The Kiwi feel-good factor, or our tendency to self-inflate our competence, is terrible for business and one of the reasons so many small and medium businesses fail every year, a prominent New Zealand business venturist believes.

 "We avoid giving negative feedback when it is warranted. Telling people 'you can do anything' is a set-up for failure," says OneHQ co-founder Chris Chandler.

 "We see it in business planning all the time. Businesses leaders over-estimate their targets and their competence and underestimate the sheer effort it takes to get the results. Consequently, most people fail to hit their targets, and it can be very demoralising.

 "I blame it on a culture that teaches everybody you're good, your worthy, you're wonderful, you can do this. I accept the good and worthy bit, but unfortunately wonderful is a very high bar, and most people can't do what needs everything that needs doing – at least not on their own.

Chandler believes that ignorance and pride are at the root of the problem.

"People don't know how good or bad they are because we're not honest with each other anymore. We'd rather be agreeable than risk hurting somebody's pride. It's not just me saying this; there's empirical research that backs it up.

"Richard Branson is tremendously successful, but even he admits it's because he's hired talented teams of people to get things done.

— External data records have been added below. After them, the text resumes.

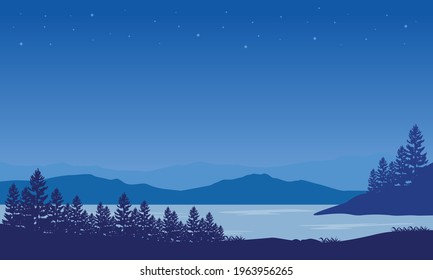 Beautiful blue sky color with stunning mountain views from the riverbank at night. Vector illustration of a city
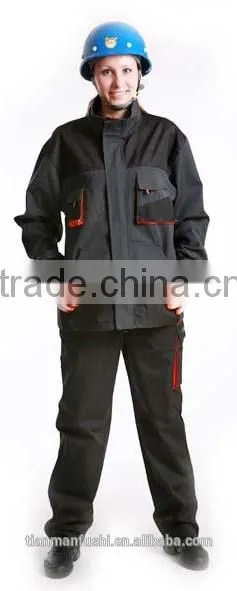 2015 Black Workwear Suit Best Selling Cheap Customed Split Work Clothes Cheap Uniform For Women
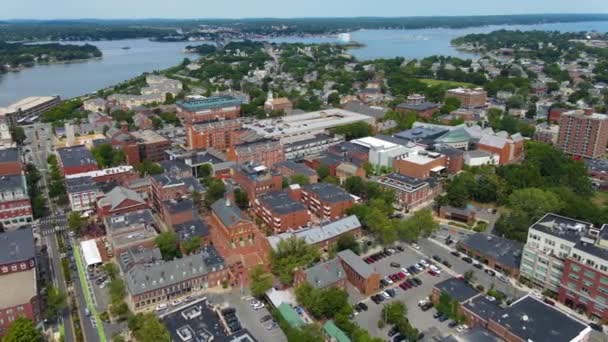 Luftaufnahme Der Altstadt Von Salem Und Des Hafens Von Salem — Stockvideo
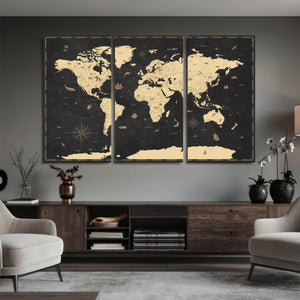 World Map Canvas Print – Detailed Map of the World Wall Art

Chandler said SMB owners – even the teams within a business will do some crystal ball gazing and then set targets for themselves that they would like to achieve, rather than those that are achievable.

"I see it all the time. Bold statements and stretch targets that fall by the wayside because they're unrealistic. SME leaders work all day in the business and then go home to do accounts and admin. With that kind of routine, growth is almost impossible.

"The flipside is the business scales too fast. It hires a bunch of staff and then finds that profitability is lower than when there were just one or two people in the business.

Having a business plan that is not honest is worse than not having a business plan at all.

"Create a business plan you can execute on. Work with a third party who will hold you to account. It could be your accountant, a business coach or mentor. The critical factor is that they give you honest feedback and that you are realistic enough to accept their advice and act on it.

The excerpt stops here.